“Benedizione pastorale” è il nome dato alla nuova
modalità di benedizione introdotta dal Dicastero per la dottrina della fede con
la dichiarazione Fiducia supplicans sul senso pastorale delle benedizioni (18/12/2023),
che venne commentata dopo pochi giorni, il 4 gennaio 2024, in un Comunicato
stampa emanato per “aiutare a chiarire la ricezione”. Francesco Pieri fa
delle considerazioni interessanti al riguardo in un breve articolo pubblicato
in Rivista di pastorale liturgica (Liscia, solenne o… pastorale? Il
crinale sottile del benedire senza approvare: RPL n. 368, 1/2025, pp.
37-41). Di questo testo riproduco in seguito le conclusioni (senza le note a
pie pagina).
Alla precisa domanda su “come potrebbero essere
queste benedizioni” il card. Fernández ha proposto l’esempio di una coppia di
divorziati passati a nuova unione: Il sacerdote può recitare una semplice
orazione come questa: “Signore, guarda a questi tuoi figli, concedi loro
salute, lavoro, pace e reciproco aiuto. Liberali da tutto ciò che contraddice
il tuo vangelo e concedi loro di vivere secondo la tua volontà. Amen”. E
conclude con il segno della croce su ciascuno dei due. Si tratta di dieci o
quindici minuti.
Notiamo come la mancanza di un testo prestabilito
non coincide con l’assenza di un “rito” (sia pure ridotto ai minimi termini)
che si esprime nella preghiera e nel gesto benedicente. La stessa dinamica
della benedizione rimane ben riconoscibile: in risposta ad un’invocazione di
aiuto (dimensione ascendente), si formula una preghiera – rigorosamente
spontanea – che personalizza l’annuncio kerygmatico dell’amore di Dio
(dimensione discendente). Viene nella sostanza proposto un “rito non rituale”,
ossimorico nella sua stessa pretesa malgrado i notevoli sforzi concettuali
compiuti.

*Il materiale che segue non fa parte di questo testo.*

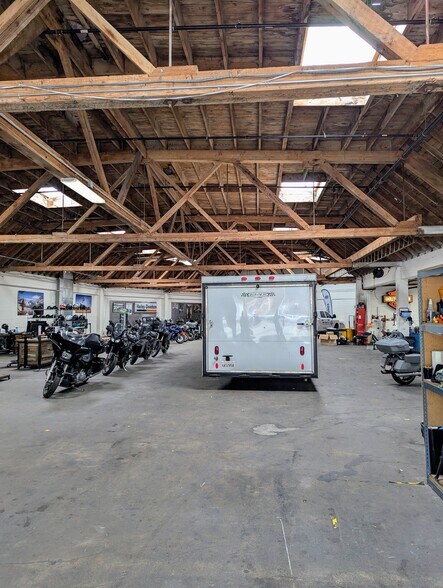 More Photos Of 3146 Mission St, San Francisco Storefront For Lease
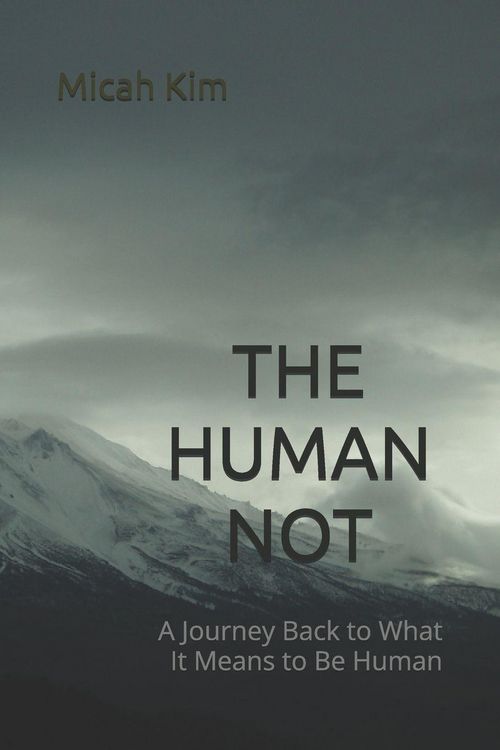 Produktbild: THE HUMAN NOT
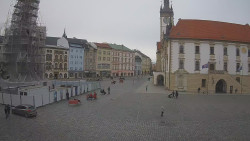 Horní náměstí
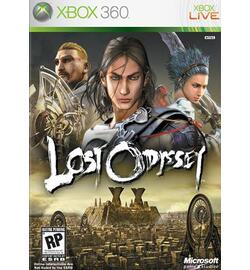Lost Odyssey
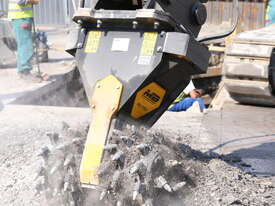 NEW MB R900 DRUM CUTTER - picture2' - Click to enlarge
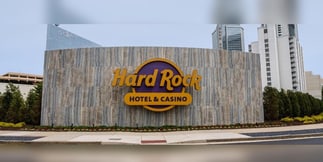 Hard Rock Taking Over Gary Casino from Troubled Spectacle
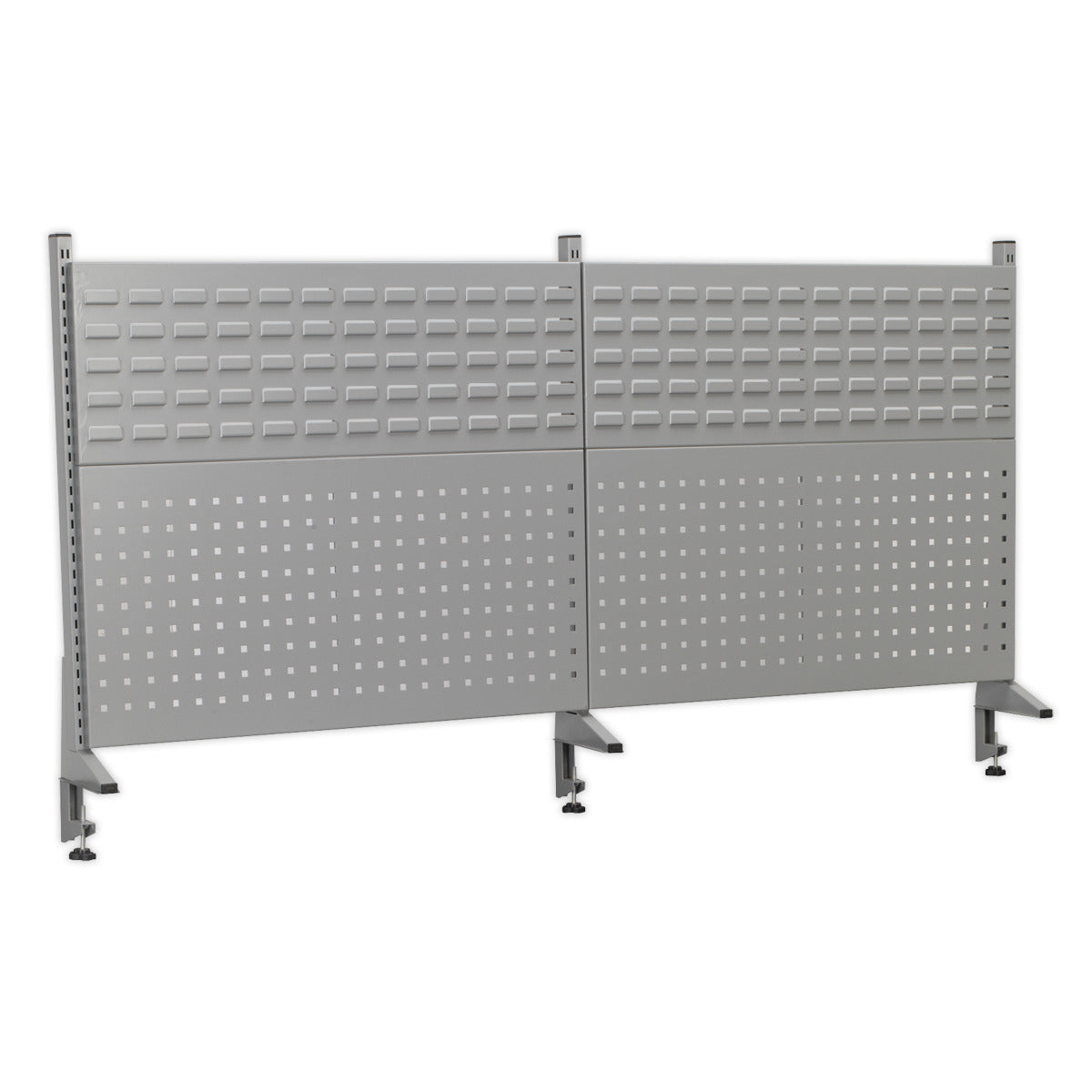 Premier Industrial Complete Workstation & Cabinet Combo 1.8m API1800COMB02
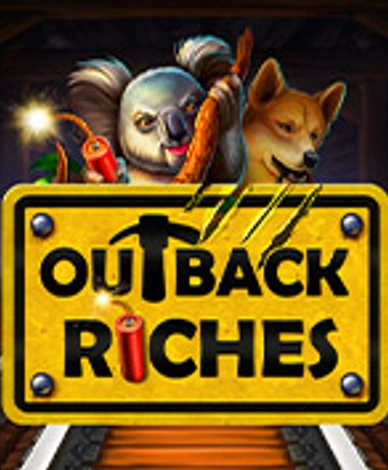 Outback Riches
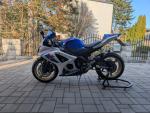 Klikněte pro detailní foto č. 2 - Suzuki GSX-R 1000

Non c’è da stupirsi del pesante, ma assolutamente prevedibile
“contraccolpo” ecumenico (forse non ponderato a sufficienza nella fase di
preparazione della dichiarazione), subito manifestatosi nella reazione
risolutamente negativa della chiesa ortodossa greca e dello stesso Bartolomeo I,
nonché nella interruzione di ogni dialogo con la chiesa cattolica da parte
della chiesa ortodossa copta.
Dirò in conclusione come – a mio avviso – anche
un gesto estemporaneo e che prescinde intenzionalmente da ogni presupposto di
ordine morale non pare comunque esimere il ministro da un certo impegno previo
volto a conoscere la vicenda e le condizioni di vita di coloro che richiedono
la benedizione, il loro grado di formazione e di consapevolezza riguardo al
gesto che intendono compiere. Nel loro carattere prevalentemente negativo, le
indicazioni in merito alla estemporaneità della formula e quelle sul contesto
informale dello svolgimento di una “benedizione pastorale” intendono lasciare
aperto all’interpretazione e alla prassi un campo molto ampio, che può andare
dalla conoscenza dei soggetti tramite una regolare consuetudine di dialogo alla
quai mancanza di elementi precisi di valutazione. È in questo spazio che la
prassi e la discretio pastorale hanno una parte decisiva da svolgere.